Don’t diddle around with the Constitution
“All persons born or naturalized in the United States, and subject to the jurisdiction thereof, are citizens of the United States and of the State wherein they reside….” — 14th Amendment of the Constitution of the United States
Thanks to election year hype on the always hot button issue of immigration, combined with yet another indication of presidential indifference to the nation’s founding document, I have heard and read more about the 14th Amendment in the past month than I have since a very long-ago Constitutional Law class.
And that, unto itself, might be a good thing — in the sense that all knowledge one gleans can only be beneficial — were it not for the most unfortunate fact that the vast majority of what’s being said is not only flat wrong, but remarkably ignorantly so.
The president has apparently divined through unknown mystical means that he can simply change a constitutional amendment — eliminate birthright citizenship — by executive fiat, literally through his signature.
He will likely be surprised to learn that he cannot.

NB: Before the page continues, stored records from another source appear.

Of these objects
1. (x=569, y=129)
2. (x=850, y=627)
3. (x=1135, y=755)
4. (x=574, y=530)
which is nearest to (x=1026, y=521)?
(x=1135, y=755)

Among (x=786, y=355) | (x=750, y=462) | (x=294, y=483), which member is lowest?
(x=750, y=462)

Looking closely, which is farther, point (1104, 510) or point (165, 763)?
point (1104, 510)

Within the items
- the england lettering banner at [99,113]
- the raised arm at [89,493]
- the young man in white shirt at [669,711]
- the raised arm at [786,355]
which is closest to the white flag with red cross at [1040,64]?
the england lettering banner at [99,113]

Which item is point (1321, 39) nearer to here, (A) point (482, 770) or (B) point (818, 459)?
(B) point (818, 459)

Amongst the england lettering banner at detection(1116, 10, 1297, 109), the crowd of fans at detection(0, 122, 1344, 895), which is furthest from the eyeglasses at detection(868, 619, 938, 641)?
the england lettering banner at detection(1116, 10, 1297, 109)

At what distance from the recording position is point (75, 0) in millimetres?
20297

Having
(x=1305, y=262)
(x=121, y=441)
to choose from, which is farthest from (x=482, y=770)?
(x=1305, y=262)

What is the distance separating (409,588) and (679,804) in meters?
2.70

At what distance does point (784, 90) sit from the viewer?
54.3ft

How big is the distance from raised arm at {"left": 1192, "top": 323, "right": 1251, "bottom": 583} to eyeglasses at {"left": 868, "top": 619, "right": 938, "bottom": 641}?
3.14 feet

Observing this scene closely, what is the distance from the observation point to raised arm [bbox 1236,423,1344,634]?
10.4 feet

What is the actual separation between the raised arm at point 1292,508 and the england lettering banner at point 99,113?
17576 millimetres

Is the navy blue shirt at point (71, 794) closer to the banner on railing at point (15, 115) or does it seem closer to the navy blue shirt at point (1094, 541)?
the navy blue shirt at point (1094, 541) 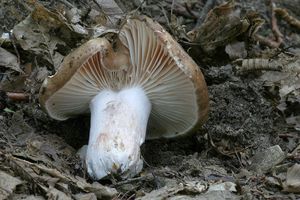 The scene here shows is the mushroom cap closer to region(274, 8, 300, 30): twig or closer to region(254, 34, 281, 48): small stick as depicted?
region(254, 34, 281, 48): small stick

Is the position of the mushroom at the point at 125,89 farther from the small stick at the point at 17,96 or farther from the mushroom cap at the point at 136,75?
the small stick at the point at 17,96

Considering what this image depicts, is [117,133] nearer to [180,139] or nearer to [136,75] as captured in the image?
[136,75]

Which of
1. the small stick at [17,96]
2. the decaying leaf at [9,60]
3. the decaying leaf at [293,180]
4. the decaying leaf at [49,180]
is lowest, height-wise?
the decaying leaf at [293,180]

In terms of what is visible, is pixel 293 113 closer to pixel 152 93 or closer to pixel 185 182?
pixel 152 93

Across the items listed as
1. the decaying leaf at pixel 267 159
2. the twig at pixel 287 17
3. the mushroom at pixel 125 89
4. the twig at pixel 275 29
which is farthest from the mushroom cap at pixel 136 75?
the twig at pixel 287 17

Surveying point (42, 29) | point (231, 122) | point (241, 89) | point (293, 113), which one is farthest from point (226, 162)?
point (42, 29)

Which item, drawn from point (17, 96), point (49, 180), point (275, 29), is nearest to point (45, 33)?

And a lot of other folks will probably be equally surprised to learn that the 14th Amendment, the one at hand, has its roots not in the perceived by some societal scourge of immigration, but rather in another real one — slavery.
Specifically, the 14th Amendment sprang from a desire to right the legal and moral injustice resulting from the Supreme Court’s deeply flawed ruling in its now infamous 1857 Dred Scott decision and to codify the historically sacred concept that all Americans are born equal.
After the Civil War, Congress set out to grant full citizenship to African-Americans who had been denied that by the Dred Scott decision, and for good measure, went further, stating in very clear language that any person, regardless of his or her ethnicity or country of origin, also had the right to citizenship upon the exceeding good fortune of being born on United States’ soil. There’s not a lot of wiggle room in “all persons born or naturalized in the United States…”
And those who seek to find some within the words “and subject to the jurisdiction thereof” are barking up a hollow tree, since that phrase was meant to exclude only the children of foreign ambassadors, warring soldiers and members of Indian tribes, who were, until 1924, legally considered to be citizens of respective sovereign Native American nations.
See? Nothing about birthright citizenship of immigrants, yet. But that doesn’t mean that the right guaranteed by the 14th Amendment does not apply to them—and a few years later, in 1898, the Supreme Court affirmed just that.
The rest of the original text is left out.